Islam mengatur dgn jelas kepada siapa-siapa saja seorang Muslim boleh melakukan pernikahannya dan begitupula sebaliknya kepada siapa-siapa saja yg tidak boleh dinikahi :
Adapun yg tidak boleh dinikahi : ********************* Perempuan musryik tidak boleh dinikahi lelaki Islam sebaliknya lelaki Musryik juga tidak boleh dinikahkan dgn perempuan Islam terdapat dalam ayat 2/221 dan 60/10.
Perempuan yg pernah jadi istri bapak kandung tidak boleh dinikahi menurut ayat 4/22.
Orang juga tidak boleh menikahi ibu kandung anak kandung saudari kandung saudari bapak kandung saudari Ibu kandung anak saudara kandung anak saudari kandung mertua anak tiri yg ibunya sudah dicampuri yg pernah jadi istri anak kandung.
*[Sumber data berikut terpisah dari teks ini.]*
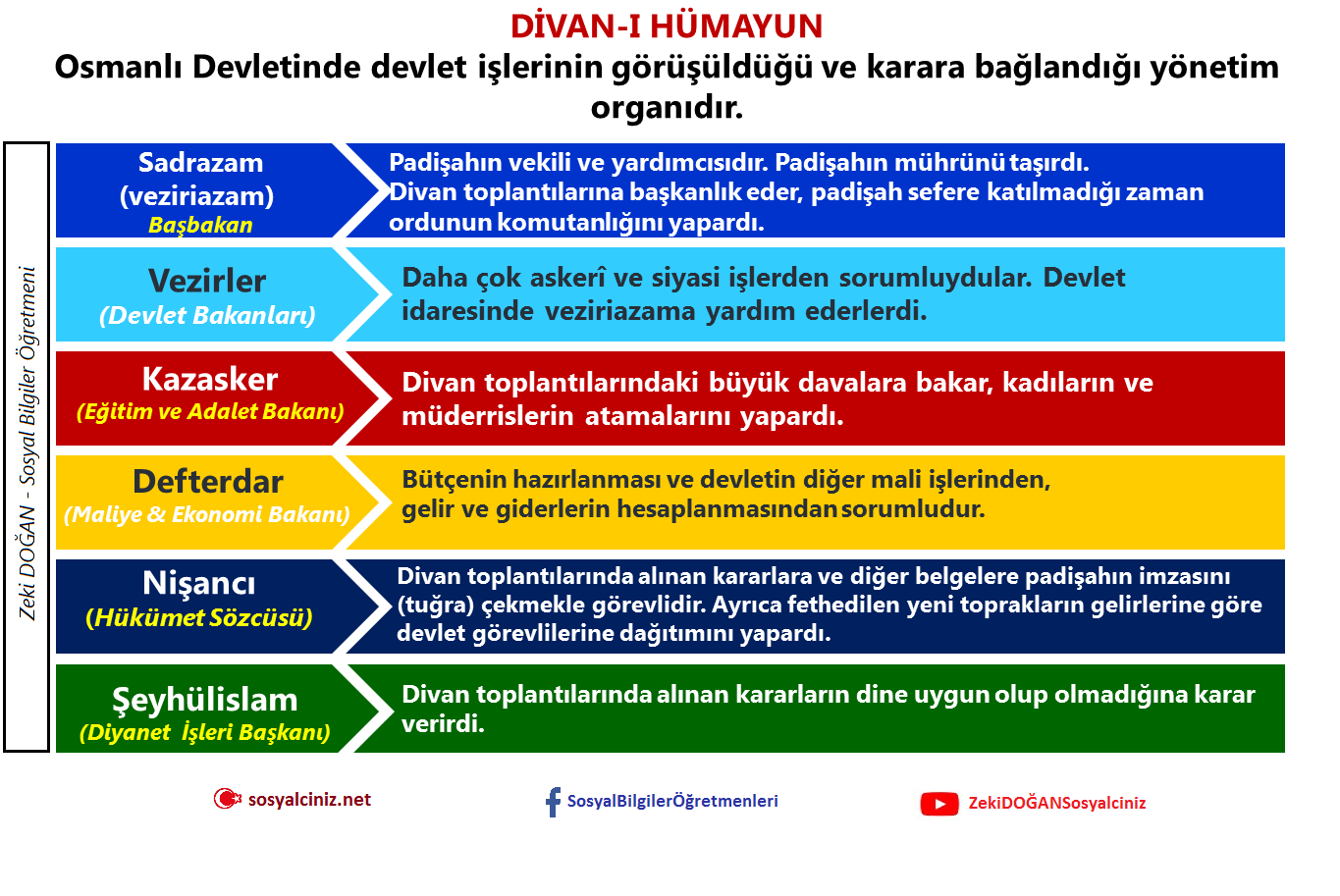 Divan-ı Hümayun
Juga tidak boleh menikahi dua perempuan bersaudari kandung sekaligus. Semua ini tercantum dalam ayat 4/23.
Mereka yg boleh utk dinikahi : ********************* Perempuan yg terjaga dalam pemeliharaan ibu bapaknya buka ayat 4/24
Hamba sahaya perempuan (pembantu urusan) dgn perkenan majikan atau keluarga mereka buka ayat 4/25
Perempuan dari Ahli Kitab yg menjaga kehormatannya buka ayat 5/5
Perempuan beriman yg lari dari suaminya yg kafir boleh dinikahi setelah iddahnya habis dan setelah mas kawin yg diterimanya dikembalikan kepada bekas suaminya yg kafir itu. Silahkan buka ayat 60/10.
Perempuan janda buka ayat 24/32 dan juga perempuan janda beranak yatim sebagaimana pada ayat 4/3.
Demikianlah adanya sedikit penguraian singkat seputar Pernikahan dan Perbudakan didalam Islam.